Tim volunteers his heart and time as he escorts the WorLd War II Veterans Ride
As a motorcycle police officer and avid rider, Tim Siemek, S&B Soft Craft Area Operations Manager, has driven his motorcycle thousands of times. But this ride is different. For the third year in a row, Tim is the lead escort for the VFW World War II Veterans Memorial Ride. Tim glances in his rear-view mirror at the procession behind him knowing he is giving back to our country’s war heroes.
The memorial ride was created with one mission: honor WWII veterans. For those who participate in the ride, it begins early in the morning at the VFW Hall on Campbell Road in Houston, Texas. The group escorts the veterans to the WWII Museum in New Orleans for a Veterans Day ceremony.
As Tim rides his motorcycle and leads the procession on I-10, there’s something missing—traffic. At 6:15 a.m. in the morning, the freeway is normally packed with vehicles for typical rush-hour traffic. The 6-lane freeway is completely shut down for the ride. Police cars block any outside drivers from getting on the freeway.
The freeway hasn’t always been closed for the ride. The coordinator with the Veterans of Foreign Wars of the U.S. contacted Tim and asked, “How can we make this more special?” As a rider for a law-enforcement motorcycle club called Back the Blue, Tim quickly suggested doing an escort. Tim has volunteered to escort many veterans who have passed away. Now, he will continue to donate his time to the World War II ride.

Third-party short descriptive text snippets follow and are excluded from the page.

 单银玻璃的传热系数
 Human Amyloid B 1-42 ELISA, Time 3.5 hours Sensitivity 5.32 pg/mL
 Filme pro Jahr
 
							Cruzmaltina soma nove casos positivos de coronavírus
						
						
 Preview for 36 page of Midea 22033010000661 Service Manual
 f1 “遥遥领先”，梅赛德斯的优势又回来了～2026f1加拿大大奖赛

“By adding the escort aspect to the ride shows the veterans we do care and are grateful for the sacrifices they made for our freedom,” said Tim. “I met a veteran who was at the Battle of the Bulge and another veteran who stormed the beach in Normandy. These are incredible individuals who have survived these events and deserve to be honored.”
Coordinating across counties
While Tim is the lead escort, he also plays another critical role as the ride coordinator. Across 4 counties, 7 parishes, and 360 miles, he makes everything look seamless. Tim contacts and works with several different agencies to schedule the times to close the freeway. He coordinates with the Jefferson County Sheriff’s Department, Chambers County Sheriff's Department, Orange County Sheriff’s Department, Louisiana State Police, and the Houston Police Department that escorts the ride through downtown.

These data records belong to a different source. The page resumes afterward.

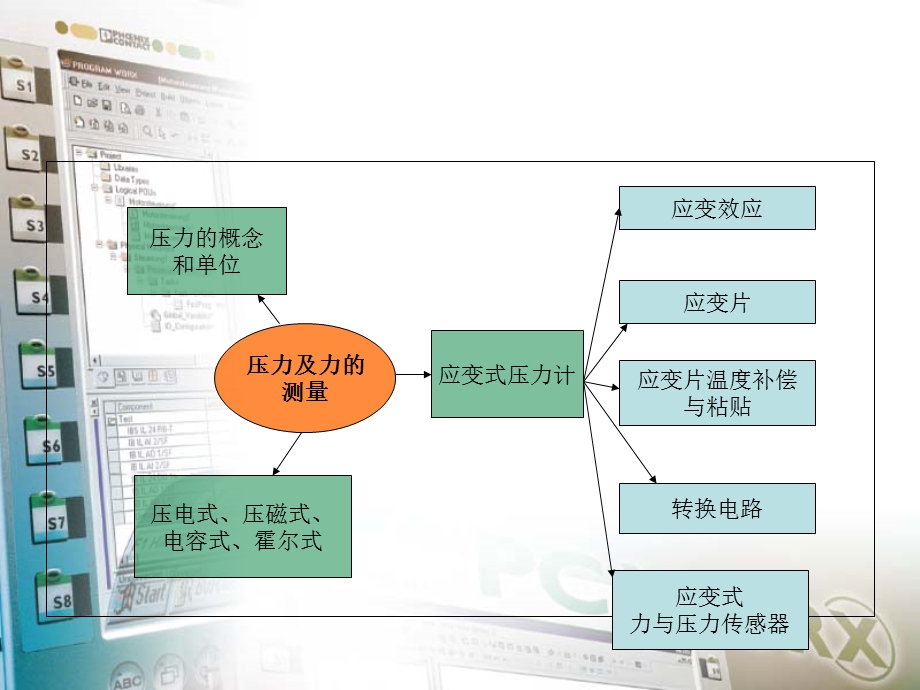 力及压力测量-33应变.ppt_第2页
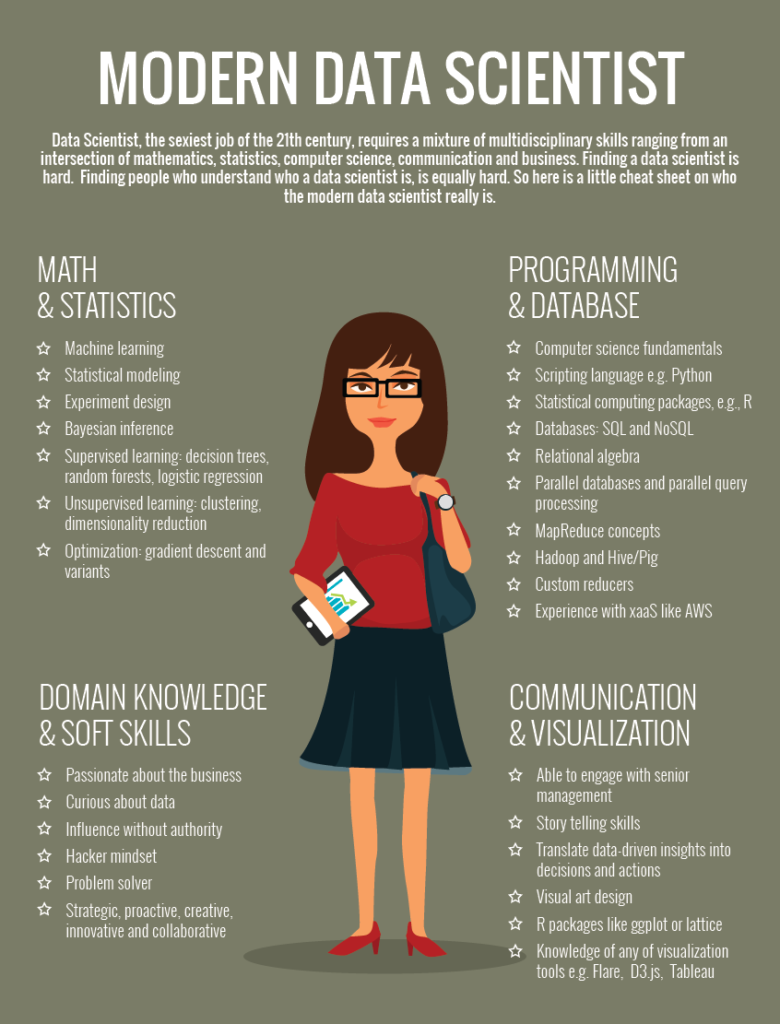 data scientist job education requirements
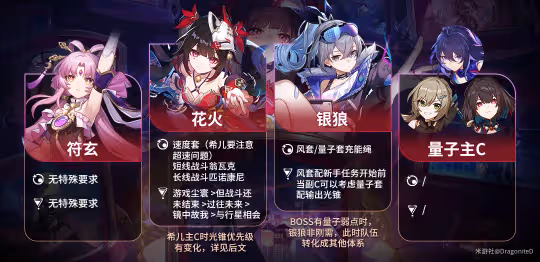 【崩壞:星穹鐵道】v2.0角色攻略 | 花火 | 兩動一大套路及配隊推薦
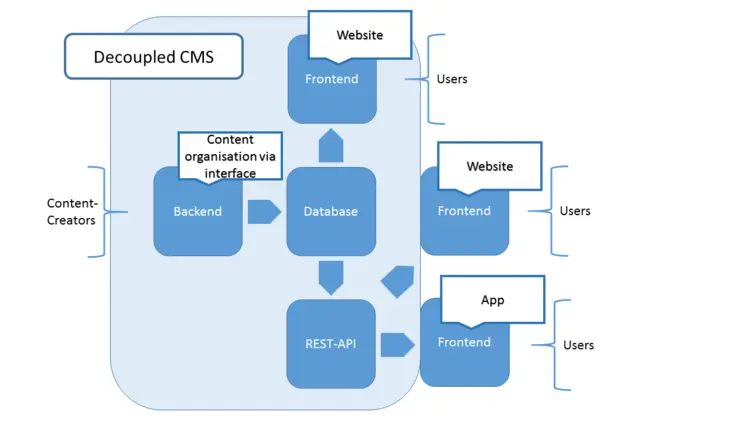 Schematic presentation of the functionality of a decouple CMS Schematic presentation of the functionality of a decouple CMS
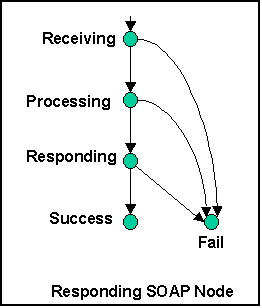Responding SOAP Node State Transition Diagram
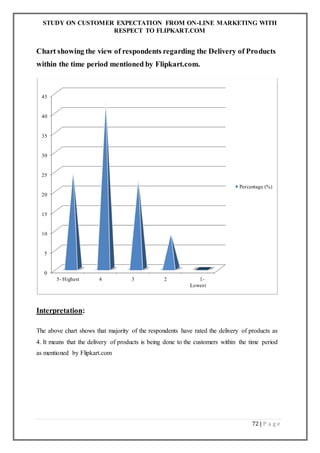STUDY ON CUSTOMER EXPECTATION FROM ON-LINE MARKETING WITH
RESPECT TO FLIPKART.COM
72 | P a g e
Chart showing the view of respondents regarding the Delivery of Products
within the time period mentioned by Flipkart.com.
Interpretation:
The above chart shows that majority of the respondents have rated the delivery of products as
4. It means that the delivery of products is being done to the customers within the time period
as mentioned by Flipkart.com
0
5
10
15
20
25
30
35
40
45
5- Highest 4 3 2 1-
Lowest
Percentage (%)
 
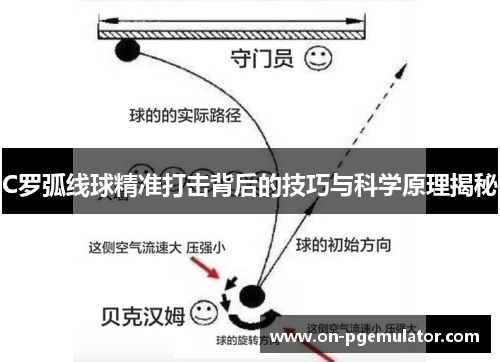 C罗弧线球精准打击背后的技巧与科学原理揭秘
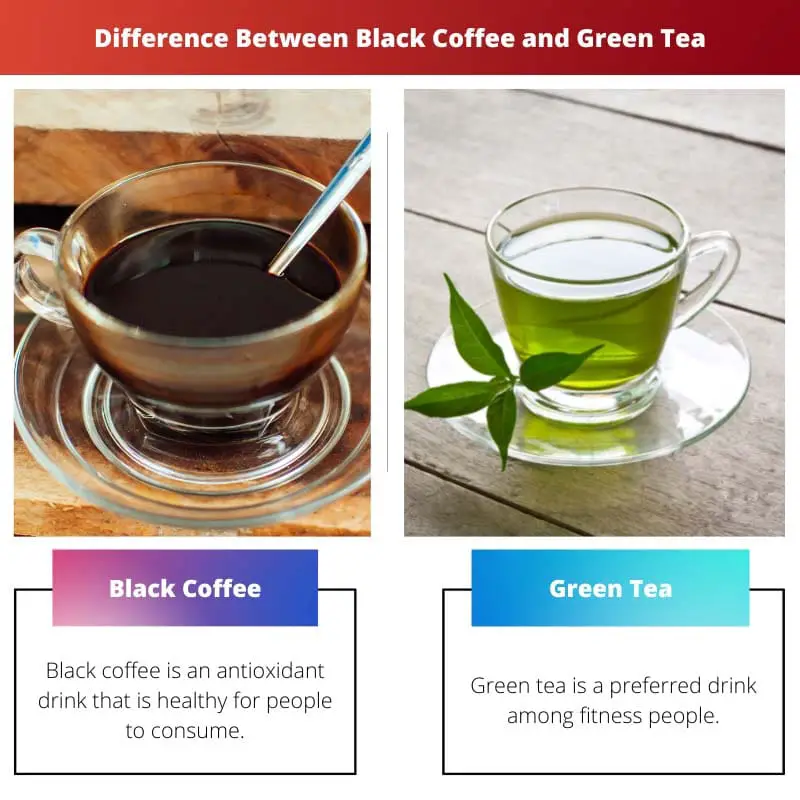 Difference Between Black Coffee and Green Tea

“You have to make sure all of the times are exact,” says Tim. “The agencies we are working with are closing the roads. We can’t have them waiting on us.”
Over the past 3 years, more people participate in the ride. The first year started with six units and has grown to 50 units. For the third ride, 125 people were a part of the event with 18 veterans.

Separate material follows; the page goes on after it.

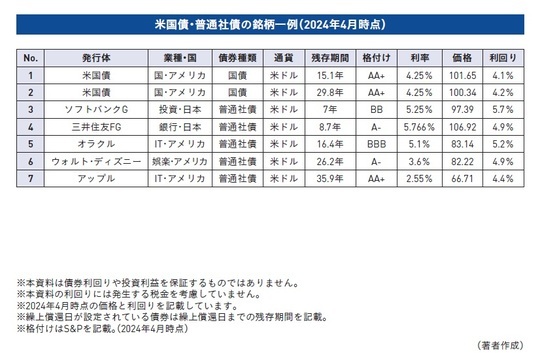 ［図表］米国債・普通社債の銘柄一例（2024年4月時点）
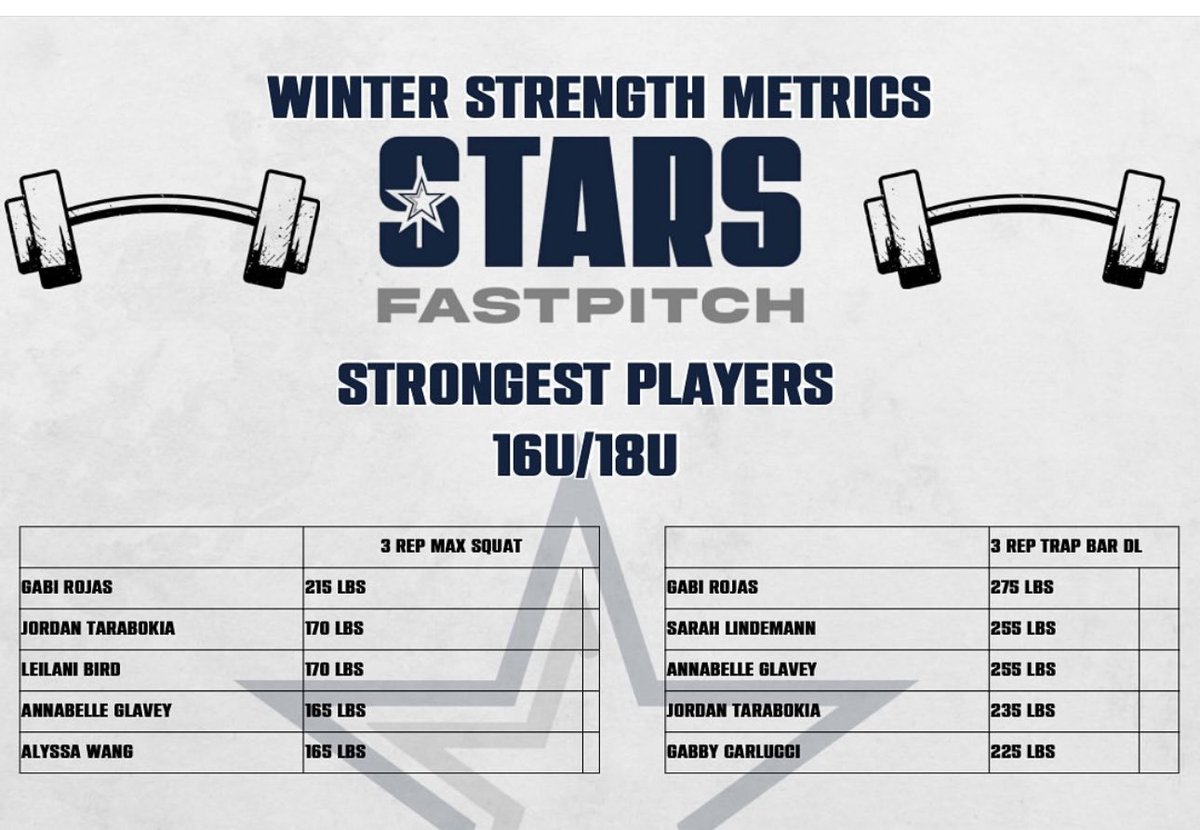 Gabi Rojas 2027 (@gabirojas_18) on Twitter photo squats today, softball practice tomorrow 🥎 <a href="/HSSportsNJ/">NJ.com HS Sports</a> <a href="/TopPreps/">SPORTS NEWS, VIDEOS, GRAPHICS, EXPOSURE & MORE</a> <a href="/LegacyLegendsS1/">Legacy & Legends Softball</a> <a href="/ExtraInningSB/">EXTRA INNING SOFTBALL</a> <a href="/ALLNJSoftball/">NJ softball</a> <a href="/SBRRetweets/">Softball Recruiting Reposts</a> <a href="/SoftballDown/">Down South Softball</a> <a href="/Softball_Home/">Softball Home🥎</a> <a href="/CoastRecruits/">Coast 2 Coast Recruits</a> <a href="/CJFFastpitch/">Gary Bury</a> <a href="/stars_FPNJ/">NJStarsFastpitch</a> <a href="/starsnationalfp/">Stars Organization</a> <a href="/ElizabethAthle1/">Elizabeth High School Athletics</a> <a href="/_coachrachel/">Rachel Coleman</a> squats today, softball practice tomorrow 🥎 <a href="/HSSportsNJ/">NJ.com HS Sports</a> <a href="/TopPreps/">SPORTS NEWS, VIDEOS, GRAPHICS, EXPOSURE & MORE</a> <a href="/LegacyLegendsS1/">Legacy & Legends Softball</a> <a href="/ExtraInningSB/">EXTRA INNING SOFTBALL</a> <a href="/ALLNJSoftball/">NJ softball</a> <a href="/SBRRetweets/">Softball Recruiting Reposts</a> <a href="/SoftballDown/">Down South Softball</a> <a href="/Softball_Home/">Softball Home🥎</a> <a href="/CoastRecruits/">Coast 2 Coast Recruits</a> <a href="/CJFFastpitch/">Gary Bury</a> <a href="/stars_FPNJ/">NJStarsFastpitch</a> <a href="/starsnationalfp/">Stars Organization</a> <a href="/ElizabethAthle1/">Elizabeth High School Athletics</a> <a href="/_coachrachel/">Rachel Coleman</a>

“People don’t realize it, but there are not many living WWII veterans,” says Tim. “In the most recent ride, our youngest veteran is 101 years old, and our oldest veteran is 105 years old. We need to honor them while we still can.”
Humbleness and humility
While Tim organizes most of the ride, he will be the first to say it’s a team effort. Tim takes the same approach in his manager role at S&B.
“Tim leads several S&B initiatives that have tremendously improved how we operate,” says Scott Pope, Vice President of Field Operations for S&B. “He works with a team but doesn’t want any credit for a successfully completed project. Tim truly believes in humbleness and humility. This is why Tim is a great leader in everything he does.”
Tim will agree. He doesn’t want a pat on the back. “The best leaders lead from behind, not the front,” says Tim. “I do things because it’s the right thing to do.”
Never sitting still
As an S&B manager, Tim also continues to be in law enforcement with the Gonzales Constables Department and Jamaica Beach Police Department. That might be a lot for some people, but it’s perfect for Tim who likes to stay busy.
In addition to the VFW World War II Veterans Memorial Ride, Tim also participates in rides for other causes to promote awareness for breast cancer, prostate cancer, and brain cancer in children.
“There’s always something to do or a way to give back,” says Tim. “And I don’t have plans on stopping.”
“For anyone who knows Tim, he doesn’t like to stay still,” says Scott. “Tim is always finding a way to make our company and communities better, and making sure the right people are recognized for what they do.”